◆ **ABOUT THIS EXERCISE**
Among the entries below, one line contains "Puede incluir: Un" and another contains "there is a stuffed". Transcribe those two lines and every line between them, exactly.
----------
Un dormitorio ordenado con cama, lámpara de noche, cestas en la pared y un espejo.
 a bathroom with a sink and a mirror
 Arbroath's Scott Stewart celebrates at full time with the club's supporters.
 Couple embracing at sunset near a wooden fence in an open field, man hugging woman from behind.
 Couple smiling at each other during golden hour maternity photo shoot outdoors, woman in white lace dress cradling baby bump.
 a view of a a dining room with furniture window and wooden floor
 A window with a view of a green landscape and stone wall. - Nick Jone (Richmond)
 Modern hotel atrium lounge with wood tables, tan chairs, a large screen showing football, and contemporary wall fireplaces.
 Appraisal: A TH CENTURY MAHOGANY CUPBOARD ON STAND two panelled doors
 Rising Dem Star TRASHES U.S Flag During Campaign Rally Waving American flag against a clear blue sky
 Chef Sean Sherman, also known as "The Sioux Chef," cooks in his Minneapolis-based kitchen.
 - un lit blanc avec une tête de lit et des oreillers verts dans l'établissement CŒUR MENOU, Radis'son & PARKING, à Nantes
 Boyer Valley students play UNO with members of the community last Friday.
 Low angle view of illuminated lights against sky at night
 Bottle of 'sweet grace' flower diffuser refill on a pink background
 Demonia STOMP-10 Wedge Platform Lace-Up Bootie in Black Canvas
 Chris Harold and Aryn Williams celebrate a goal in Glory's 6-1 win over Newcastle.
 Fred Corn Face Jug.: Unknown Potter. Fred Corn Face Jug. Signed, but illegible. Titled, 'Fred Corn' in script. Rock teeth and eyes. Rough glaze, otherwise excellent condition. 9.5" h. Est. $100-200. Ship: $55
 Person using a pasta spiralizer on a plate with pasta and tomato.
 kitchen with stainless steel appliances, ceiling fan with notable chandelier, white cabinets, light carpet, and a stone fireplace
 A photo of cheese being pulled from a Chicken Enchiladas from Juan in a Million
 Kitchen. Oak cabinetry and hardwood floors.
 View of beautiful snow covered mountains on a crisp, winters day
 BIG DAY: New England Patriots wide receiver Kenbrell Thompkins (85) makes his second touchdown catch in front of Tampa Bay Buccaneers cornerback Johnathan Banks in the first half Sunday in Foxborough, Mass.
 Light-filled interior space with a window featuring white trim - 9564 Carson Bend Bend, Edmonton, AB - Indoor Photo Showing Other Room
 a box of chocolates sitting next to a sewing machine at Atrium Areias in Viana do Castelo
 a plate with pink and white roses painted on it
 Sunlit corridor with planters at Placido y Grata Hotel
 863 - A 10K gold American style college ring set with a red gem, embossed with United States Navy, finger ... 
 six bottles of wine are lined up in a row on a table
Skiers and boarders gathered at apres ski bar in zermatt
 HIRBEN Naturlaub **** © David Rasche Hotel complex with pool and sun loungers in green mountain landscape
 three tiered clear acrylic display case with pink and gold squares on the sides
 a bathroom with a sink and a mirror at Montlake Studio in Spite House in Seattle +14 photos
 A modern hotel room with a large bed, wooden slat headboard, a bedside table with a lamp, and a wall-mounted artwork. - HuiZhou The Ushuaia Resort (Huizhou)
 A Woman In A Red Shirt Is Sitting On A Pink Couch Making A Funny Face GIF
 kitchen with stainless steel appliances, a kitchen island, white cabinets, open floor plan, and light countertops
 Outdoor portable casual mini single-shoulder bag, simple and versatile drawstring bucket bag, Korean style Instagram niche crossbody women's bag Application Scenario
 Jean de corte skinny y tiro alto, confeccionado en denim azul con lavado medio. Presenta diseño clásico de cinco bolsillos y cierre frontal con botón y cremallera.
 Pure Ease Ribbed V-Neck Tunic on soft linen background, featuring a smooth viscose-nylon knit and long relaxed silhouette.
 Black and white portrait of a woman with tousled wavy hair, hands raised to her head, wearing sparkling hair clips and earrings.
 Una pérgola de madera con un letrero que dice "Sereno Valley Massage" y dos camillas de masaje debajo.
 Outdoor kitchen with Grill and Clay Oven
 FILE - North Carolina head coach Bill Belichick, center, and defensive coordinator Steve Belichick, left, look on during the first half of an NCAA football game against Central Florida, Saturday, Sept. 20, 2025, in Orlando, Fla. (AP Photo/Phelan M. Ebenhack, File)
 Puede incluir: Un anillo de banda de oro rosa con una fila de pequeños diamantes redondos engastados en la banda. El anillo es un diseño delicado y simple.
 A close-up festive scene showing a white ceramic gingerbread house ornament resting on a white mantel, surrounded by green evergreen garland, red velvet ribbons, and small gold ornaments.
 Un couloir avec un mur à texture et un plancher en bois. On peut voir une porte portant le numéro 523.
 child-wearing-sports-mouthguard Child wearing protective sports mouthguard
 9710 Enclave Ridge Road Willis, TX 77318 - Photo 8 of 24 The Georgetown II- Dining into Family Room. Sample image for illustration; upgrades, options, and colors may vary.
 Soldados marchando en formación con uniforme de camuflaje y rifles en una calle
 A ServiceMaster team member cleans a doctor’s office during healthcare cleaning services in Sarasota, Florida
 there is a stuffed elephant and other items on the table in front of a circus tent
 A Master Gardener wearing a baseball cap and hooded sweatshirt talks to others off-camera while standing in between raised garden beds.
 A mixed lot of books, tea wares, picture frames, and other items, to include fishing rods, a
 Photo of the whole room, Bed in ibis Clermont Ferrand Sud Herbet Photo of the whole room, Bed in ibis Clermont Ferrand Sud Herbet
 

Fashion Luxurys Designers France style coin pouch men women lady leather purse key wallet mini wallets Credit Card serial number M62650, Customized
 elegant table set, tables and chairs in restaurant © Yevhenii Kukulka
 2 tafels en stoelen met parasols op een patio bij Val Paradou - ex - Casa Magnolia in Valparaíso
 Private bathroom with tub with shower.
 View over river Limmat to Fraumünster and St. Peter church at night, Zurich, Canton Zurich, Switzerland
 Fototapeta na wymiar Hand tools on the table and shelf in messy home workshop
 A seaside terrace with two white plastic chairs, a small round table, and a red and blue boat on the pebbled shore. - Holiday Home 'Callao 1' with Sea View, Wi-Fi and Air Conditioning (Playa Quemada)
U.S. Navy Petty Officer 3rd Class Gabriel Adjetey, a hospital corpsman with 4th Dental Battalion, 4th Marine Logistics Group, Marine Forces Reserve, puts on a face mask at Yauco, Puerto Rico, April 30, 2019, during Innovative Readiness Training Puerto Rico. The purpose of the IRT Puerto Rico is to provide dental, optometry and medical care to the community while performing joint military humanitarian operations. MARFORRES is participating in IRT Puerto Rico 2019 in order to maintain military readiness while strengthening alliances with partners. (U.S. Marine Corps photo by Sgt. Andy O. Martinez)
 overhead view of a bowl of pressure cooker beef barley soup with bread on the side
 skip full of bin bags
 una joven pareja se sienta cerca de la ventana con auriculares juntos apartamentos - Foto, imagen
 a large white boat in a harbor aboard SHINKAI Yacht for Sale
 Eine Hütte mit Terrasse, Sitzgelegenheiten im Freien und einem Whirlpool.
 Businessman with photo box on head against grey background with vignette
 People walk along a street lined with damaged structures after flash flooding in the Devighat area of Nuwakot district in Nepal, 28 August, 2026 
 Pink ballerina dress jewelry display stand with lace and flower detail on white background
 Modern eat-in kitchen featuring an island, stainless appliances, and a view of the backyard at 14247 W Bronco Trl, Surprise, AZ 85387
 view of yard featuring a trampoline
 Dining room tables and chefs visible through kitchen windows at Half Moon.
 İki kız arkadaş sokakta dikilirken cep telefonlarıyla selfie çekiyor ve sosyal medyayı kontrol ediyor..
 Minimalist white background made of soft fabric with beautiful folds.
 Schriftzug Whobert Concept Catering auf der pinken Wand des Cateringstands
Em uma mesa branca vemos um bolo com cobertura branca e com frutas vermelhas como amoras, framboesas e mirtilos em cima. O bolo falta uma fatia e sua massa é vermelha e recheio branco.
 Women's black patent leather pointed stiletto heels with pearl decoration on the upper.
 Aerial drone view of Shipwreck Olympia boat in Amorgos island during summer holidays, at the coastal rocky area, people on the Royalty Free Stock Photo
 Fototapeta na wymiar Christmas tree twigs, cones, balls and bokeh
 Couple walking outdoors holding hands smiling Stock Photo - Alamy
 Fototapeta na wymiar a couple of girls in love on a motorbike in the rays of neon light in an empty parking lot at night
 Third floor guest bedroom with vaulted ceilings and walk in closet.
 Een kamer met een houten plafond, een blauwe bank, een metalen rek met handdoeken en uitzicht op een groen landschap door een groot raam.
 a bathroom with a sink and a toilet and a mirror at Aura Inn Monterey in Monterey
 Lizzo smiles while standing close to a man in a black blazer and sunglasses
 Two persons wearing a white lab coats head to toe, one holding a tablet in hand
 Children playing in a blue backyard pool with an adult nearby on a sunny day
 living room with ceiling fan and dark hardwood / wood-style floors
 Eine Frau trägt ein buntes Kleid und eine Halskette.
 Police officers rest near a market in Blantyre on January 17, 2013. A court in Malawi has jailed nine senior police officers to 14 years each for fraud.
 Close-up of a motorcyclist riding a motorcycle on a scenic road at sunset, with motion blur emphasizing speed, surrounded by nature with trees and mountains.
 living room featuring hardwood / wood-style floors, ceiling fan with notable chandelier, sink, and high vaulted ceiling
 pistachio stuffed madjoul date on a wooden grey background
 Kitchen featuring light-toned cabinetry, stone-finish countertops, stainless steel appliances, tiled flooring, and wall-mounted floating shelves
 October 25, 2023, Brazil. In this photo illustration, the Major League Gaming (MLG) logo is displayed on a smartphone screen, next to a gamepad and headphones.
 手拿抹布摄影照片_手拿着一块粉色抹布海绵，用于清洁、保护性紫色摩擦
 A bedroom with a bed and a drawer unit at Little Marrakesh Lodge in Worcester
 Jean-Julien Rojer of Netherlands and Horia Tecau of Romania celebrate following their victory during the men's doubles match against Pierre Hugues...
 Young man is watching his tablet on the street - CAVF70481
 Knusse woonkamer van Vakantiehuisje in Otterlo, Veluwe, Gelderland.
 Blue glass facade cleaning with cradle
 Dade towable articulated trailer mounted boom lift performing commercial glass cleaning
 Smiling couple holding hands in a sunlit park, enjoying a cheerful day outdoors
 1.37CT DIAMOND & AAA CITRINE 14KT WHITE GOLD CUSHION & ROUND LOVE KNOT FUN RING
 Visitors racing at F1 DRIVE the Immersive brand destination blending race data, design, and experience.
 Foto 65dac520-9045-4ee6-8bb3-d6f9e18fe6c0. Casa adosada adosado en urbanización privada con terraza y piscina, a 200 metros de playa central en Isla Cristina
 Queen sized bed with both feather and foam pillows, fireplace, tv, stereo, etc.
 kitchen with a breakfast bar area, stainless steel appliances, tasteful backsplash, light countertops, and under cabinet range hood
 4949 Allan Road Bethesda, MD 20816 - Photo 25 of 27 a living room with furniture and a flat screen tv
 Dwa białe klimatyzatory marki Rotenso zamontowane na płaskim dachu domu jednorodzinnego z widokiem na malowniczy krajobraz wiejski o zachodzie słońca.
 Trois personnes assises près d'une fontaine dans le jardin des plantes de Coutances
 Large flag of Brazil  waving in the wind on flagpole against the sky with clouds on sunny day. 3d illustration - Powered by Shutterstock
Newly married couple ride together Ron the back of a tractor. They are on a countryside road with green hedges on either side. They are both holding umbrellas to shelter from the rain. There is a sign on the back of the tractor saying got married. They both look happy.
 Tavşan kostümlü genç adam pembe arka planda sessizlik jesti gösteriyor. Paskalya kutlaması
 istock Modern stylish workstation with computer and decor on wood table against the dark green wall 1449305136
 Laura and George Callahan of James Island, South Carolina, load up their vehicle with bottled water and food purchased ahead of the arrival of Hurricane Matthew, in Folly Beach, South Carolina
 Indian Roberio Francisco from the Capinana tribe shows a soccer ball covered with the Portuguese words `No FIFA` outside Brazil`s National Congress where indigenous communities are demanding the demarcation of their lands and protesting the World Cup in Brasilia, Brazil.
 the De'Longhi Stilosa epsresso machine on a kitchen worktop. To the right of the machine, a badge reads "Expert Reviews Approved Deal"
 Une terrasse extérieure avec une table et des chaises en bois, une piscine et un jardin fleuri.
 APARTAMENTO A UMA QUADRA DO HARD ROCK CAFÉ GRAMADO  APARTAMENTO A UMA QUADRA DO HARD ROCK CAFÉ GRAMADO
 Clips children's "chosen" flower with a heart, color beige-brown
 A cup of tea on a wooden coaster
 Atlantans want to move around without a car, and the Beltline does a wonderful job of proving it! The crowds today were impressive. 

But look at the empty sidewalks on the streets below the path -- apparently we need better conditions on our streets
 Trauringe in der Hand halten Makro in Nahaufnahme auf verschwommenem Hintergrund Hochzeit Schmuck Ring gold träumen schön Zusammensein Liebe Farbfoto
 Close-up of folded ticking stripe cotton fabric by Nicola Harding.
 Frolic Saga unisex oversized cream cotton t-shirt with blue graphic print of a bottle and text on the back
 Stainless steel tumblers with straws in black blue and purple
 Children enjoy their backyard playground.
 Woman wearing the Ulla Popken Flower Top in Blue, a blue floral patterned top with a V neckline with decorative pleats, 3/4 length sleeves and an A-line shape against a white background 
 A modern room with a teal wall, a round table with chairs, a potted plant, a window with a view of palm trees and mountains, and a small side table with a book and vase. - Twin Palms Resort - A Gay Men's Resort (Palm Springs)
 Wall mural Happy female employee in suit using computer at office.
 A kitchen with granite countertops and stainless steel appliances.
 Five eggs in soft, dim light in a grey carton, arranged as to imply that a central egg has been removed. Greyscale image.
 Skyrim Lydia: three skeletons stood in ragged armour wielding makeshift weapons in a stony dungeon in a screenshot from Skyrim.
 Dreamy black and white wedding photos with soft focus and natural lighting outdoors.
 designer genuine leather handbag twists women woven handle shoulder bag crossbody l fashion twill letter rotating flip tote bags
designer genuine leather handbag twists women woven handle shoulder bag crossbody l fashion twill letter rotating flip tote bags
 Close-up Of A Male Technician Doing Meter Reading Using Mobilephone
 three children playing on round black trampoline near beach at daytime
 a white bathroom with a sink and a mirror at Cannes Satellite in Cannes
----------
◆ **TASK ANSWER**
 Puede incluir: Un anillo de banda de oro rosa con una fila de pequeños diamantes redondos engastados en la banda. El anillo es un diseño delicado y simple.
 A close-up festive scene showing a white ceramic gingerbread house ornament resting on a white mantel, surrounded by green evergreen garland, red velvet ribbons, and small gold ornaments.
 Un couloir avec un mur à texture et un plancher en bois. On peut voir une porte portant le numéro 523.
 child-wearing-sports-mouthguard Child wearing protective sports mouthguard
 9710 Enclave Ridge Road Willis, TX 77318 - Photo 8 of 24 The Georgetown II- Dining into Family Room. Sample image for illustration; upgrades, options, and colors may vary.
 Soldados marchando en formación con uniforme de camuflaje y rifles en una calle
 A ServiceMaster team member cleans a doctor’s office during healthcare cleaning services in Sarasota, Florida
 there is a stuffed elephant and other items on the table in front of a circus tent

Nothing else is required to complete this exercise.